IB myp 4-5 MATHEMATICS – Practice Questions- All Topics
Topic :Functions–Representation and shape of more complex functions
Topic :Function- Weightage : 21 %
All Questions for Topic : Representation and shape of more complex functions,Transformation of quadratic functions,Rational functions,Graphing trigonometric functions,Linear programming, including inequalities,Networks-edges and arcs, nodes/ vertices, paths,Calculating network pathways,Weighted networks,Domain and range
Question : Machine Learning Success Rates [22 marks]
This question explores success rates of three face recognition methods:
• Eigenface (E) – Linear model
• Fisherface (F) – Quadratic model
• LBPH (L) – Quadratic model
n = number of face observations (0 ≤ n ≤ 10)
a Question a [2 marks] – Linear Model Parameters
For Eigenface method E = bn + c, determine values of b and c from the graph.
b (slope):
c (y-intercept):
▶️Answer/Explanation
Step 1: Find y-intercept (c)
When n=0, E=50 ⇒ c=50
Step 2: Calculate slope (b)
Using point (2,55): 55 = b(2) + 50 ⇒ 5 = 2b ⇒ b=2.5
Verification with (4,60): 60 = 2.5(4) + 50 = 10 + 50 = 60 ✓
Final Model:
E = 2.5n + 50
Complete Answers:
b = 2.5
c = 50
b Question b [1 mark] – Maximum Success Rate
For Fisherface method F = -1.5(n-8)² + 96, find the maximum success rate and corresponding n value.
Fmax (%):
n value:
▶️Answer/Explanation
Analyzing the Quadratic Function:
F = -1.5(n-8)² + 96 is in vertex form: f(x) = a(x-h)² + k
Vertex Properties:
• Maximum occurs at vertex since a = -1.5 < 0 (parabola opens downward)
• Vertex at (h,k) = (8,96)
Interpretation:
Maximum success rate of 96% occurs when n=8 observations are made
Complete Answers:
Fmax = 96%
n = 8
c Question c [5 marks] – Intersection Point
Find the value of n where Fisherface (F) and Eigenface (E) methods have equal success rates.
▶️Answer/Explanation
Method 1: Algebraic Solution
Set E = F:
2.5n + 50 = -1.5(n-8)² + 96
Step 1: Expand quadratic
2.5n + 50 = -1.5(n² – 16n + 64) + 96
2.5n + 50 = -1.5n² + 24n – 96 + 96
Step 2: Rearrange terms
1.5n² – 21.5n + 50 = 0
Step 3: Quadratic formula
n = [21.5 ± √(21.5² – 4×1.5×50)] / (2×1.5)
Discriminant = 462.25 – 300 = 162.25
√162.25 = 12.74
n = (21.5 ± 12.74)/3
Solutions:
n = (21.5 + 12.74)/3 ≈ 11.41 (invalid: n≤8)

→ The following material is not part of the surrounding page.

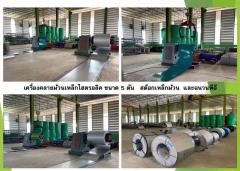 ขายโรงงานเมทัลชีสและอาคารพาณิชย์ 3.5 ชั้น 5 คูหา ทำเลสุดคุ้ม-202505130820491747099249660.jpg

n = (21.5 – 12.74)/3 ≈ 2.92
Method 2: Graphical Verification
Testing integer values:
At n=2: E=55%, F=42%
At n=3: E=57.5%, F=61.5%
Intersection occurs between n=2 and n=3
Final Answer:
n ≈ 2.92 or 3 (when rounded)
d Question d [4 marks] – LBPH Model
Find the quadratic equation for LBPH method (L) given vertex (8,86) and point (2,50).
▶️Answer/Explanation
Step 1: Vertex Form
L = a(n-h)² + k where (h,k)=(8,86)
⇒ L = a(n-8)² + 86
Step 2: Use given point
At n=2, L=50:
50 = a(2-8)² + 86
50 = 36a + 86
Step 3: Solve for a
36a = 50 – 86 = -36
a = -1
Final Equation:
L = -(n-8)² + 86
or expanded form: L = -n² + 16n – 64 + 86 = -n² + 16n + 22
Verification:
At n=8: L = -0 + 86 = 86 ✓
At n=2: L = -36 + 86 = 50 ✓
Complete Answer:
L = -(n-8)² + 86
e Question e [10 marks] – Method Analysis
Analyze all three methods to recommend the best one considering:
- Factors affecting success rate
- Intersection calculations
- Accuracy considerations
- Justified recommendation
▶️Answer/Explanation
1. Key Factor:
The primary factor affecting success rate is the number of observations (n). All methods improve with more observations but have different patterns.
2. Intersection Analysis:
E vs F: Intersect at n≈2.92 (E catches up to F)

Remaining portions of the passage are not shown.